NATO must do more to protect Afghan civilians: HRW

AFP , Wednesday 6 Jul 2016

Afghan children ride on swings during the first day of the Muslim holiday of Eid al-Fitr, which marks the end of the holy month of Ramadan, in Kabul, Afghanistan July 6, 2016 (Photo: Reuters)

NATO must do more to protect civilians in Afghanistan's worsening conflict, Human Rights Watch said Wednesday, ahead of a summit in Poland set to renew international support for the Afghan army.

The HRW statement came as Afghan President Ashraf Ghani issued a stern warning to the Taliban to join peace negotiations "or face the consequences".

With civilian casualties soaring past 11,000 in 2015, according to the UN, governments in the North Atlantic Treaty Organization have "a crucial opportunity" to help halt the spiralling violence, said HRW's Asia director Brad Adams.
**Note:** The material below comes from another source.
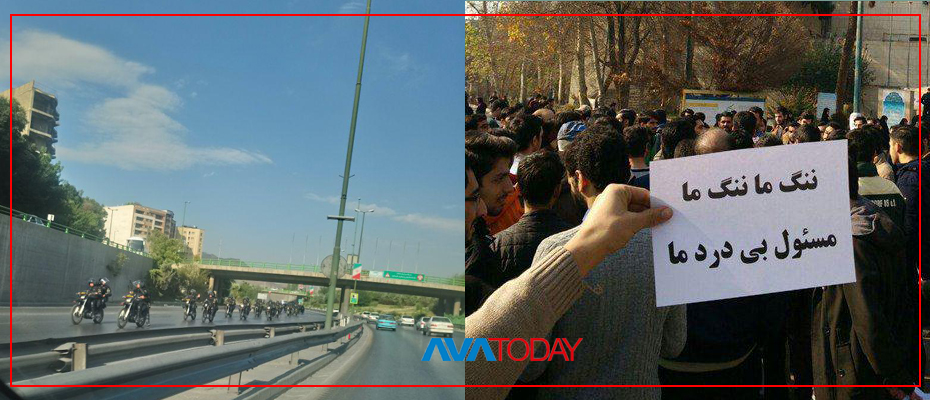  Iran anti-government protest continues for days despite suppression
"NATO should deliver on its pledges and produce concrete measures to help protect Afghan civilians from armed conflict," he said ahead of the summit in Poland on Friday and Saturday.

The international rights organisation denounced the use of children in conflict by both the Taliban and the Afghan government.

In particular, it slammed the occupation of schools by Afghan forces, saying it had recently identified "extensive" use of school buildings as military bases in northern Baghlan province.

The UN Assistance Mission in Afghanistan (UNAMA) also reported 20 schools occupied by the army or the insurgents last year.

"Too often, the schools become battlegrounds," said HRW.

The "devastating" impact on education has a disproportionate effect on girls, who are unlikely to be allowed to attend schools occupied by male soldiers, the statement noted.

And it sharply criticised the use of child soldiers by both the Taliban and government-backed forces.

An exclusive AFP report recently documented how the Taliban are exploiting children being kept as sex slaves by police commanders in Uruzgan province, recruiting them for insider attacks against security forces.

The UN has said cases of child recruitment more than doubled in 2015 compared to the previous year.

Asked what "concrete measures" NATO could take to slow child recruitment, the organisation's top civilian representative in Kabul Ismail Aramaz said it has "insisted" that its Afghan partners bring those responsible to justice.

"But it is up to Afghans to decide how such acts can be penalised," he added.

In a statement marking Eid al-Fitr Wednesday, Ghani called on the Taliban to take part in peace negotiations.

The insurgents have stepped up their nearly 15-year war since NATO pulled most of its forces out of the country at the end of 2014, while a nascent peace process has stalled.

"The door is open... we do not want bloodshed," Ghani said.

But, he added, if the Taliban reject his call they must "face the consequences".